PG&E takes a bold step on enabling EV back up power, but questions remain

PG&E made exciting announcements about partnerships with GM and Ford last week to test using electric vehicles (EVs) for backup power for residential customers. (Ford also announced an initiative to create an open source charging standard.) PG&E also announced an initiative to install circuit breakers that facilitate use of onsite backup power. PG&E is commended for stepping forward to align its corporate strategy with the impending technology wave that could increase consumer energy independence.

I wrote about the promise of EVs in this role (“Electric vehicles as the next smartphone”) when I was struck by Ford’s F-150 Lightning ads last summer and how the consumer segment that buys pickups isn’t what we usually think of as the “EV crowd.” These initiatives could be game changers.

That said, several questions arise about PG&E’s game plan and whether the utility is still planning to hold customers captive:

  • How does PG&E plan to recover the costs for what are “beyond the meter” devices that typically is outside of what’s allowed? And how are the risks in these investments to be shared between shareholders and ratepayers? Will PG&E get an “authorized” rate of return with default assurances of costs being approved for recovery from ratepayers? How will PG&E be given appropriate incentives on making timely investments with appropriate risk, especially given the utility’s poor track record in acquiring renewable resources?
  • What will be the relationships between PG&E and the participating auto manufacturers? Will the manufacturers be required to partner with PG&E going forward? Will the manufacturers be foreclosed from offering products and services that would allow customers to exit PG&E’s system through self generation? Will PG&E close out other manufacturers from participating or set up other access barriers that prevent them from offering alternatives?
  • Delivering PG&E’s “personal microgrid backup power transfer meter device” is a good first step, but it requires disconnecting the solar panels to use, which means that it only support fossil fueled generators and grid-connected batteries. This device needs a switch for the solar panels as well. Further, it appears the device will only be available to customers who participate in PG&E’s Residential Generator and Battery Rebate Program. Can PG&E continue to offer this feature to vendors who offer only fossil-fueled generators? How will PG&E mitigate the local air pollution impacts from using fossil-fueled back up generators (BUGs) for extended periods? (California already has 8,000 megawatts of BUGs.)
  • How will these measures be integrated with the planned system reinforcements in PG&E’s 2022 Wildfire Mitigation Plan Update to reduce the costs of undergrounding lines? Will PG&E allow these back up sources and devices for customers who are interested in extended energy independence, particularly those who want to ride out a PSPS event?
  • How will community choice aggregators (CCAs) or other local governments participate? Will communities be able to independently push these options to achieve their climate action and adaptation plan (CAAP) goals?

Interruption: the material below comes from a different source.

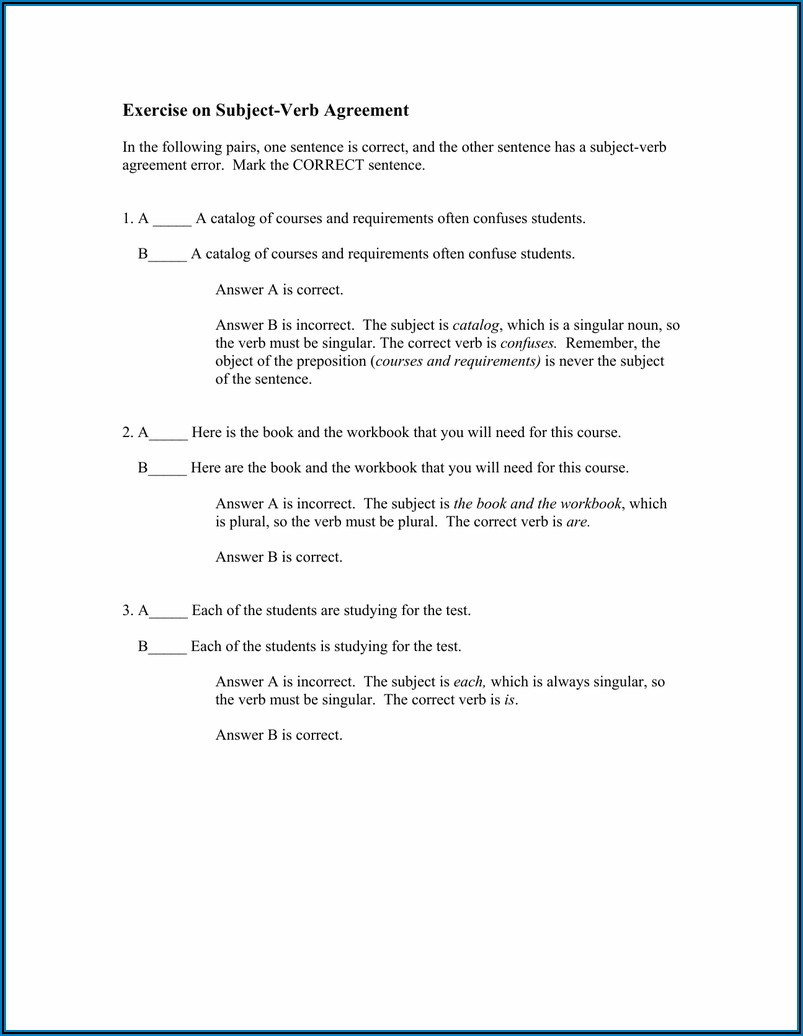 Subject Verb Object Agreement Worksheets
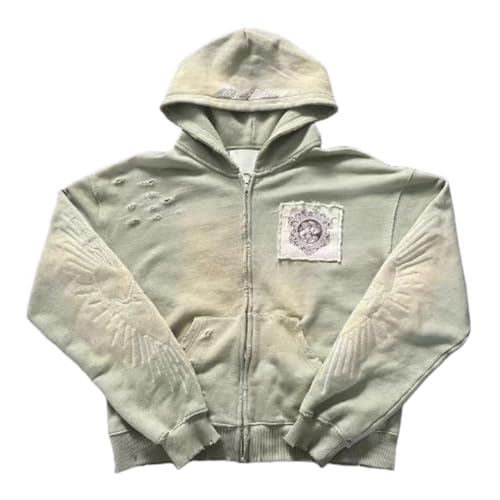 Vhitler Y2k Grunge Zip Up Hoodie Women Men Oversized Emo Goth 2000s Graphic Hoodie Streetwear Jacket Fall Baggy Sweatshirts (Light green,Small)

Are PG&E’s customers about to walk?

In the 1990s, California’s industrial customers threatened to build their own self-generation plants and leave the utilities entirely. Escalating generation costs due to nuclear plant cost overruns and too-generous qualifying facilities (QF) contracts had driven up rates, and the technology that made QFs possible also allowed large customers to consider self generating. In response California “restructured” its utility sector to introduce competition in the generation segment and to get the utilities out of that part of the business. Unfortunately the initiative failed, in a big way, and we were left with a hybrid system which some blame for rising rates today.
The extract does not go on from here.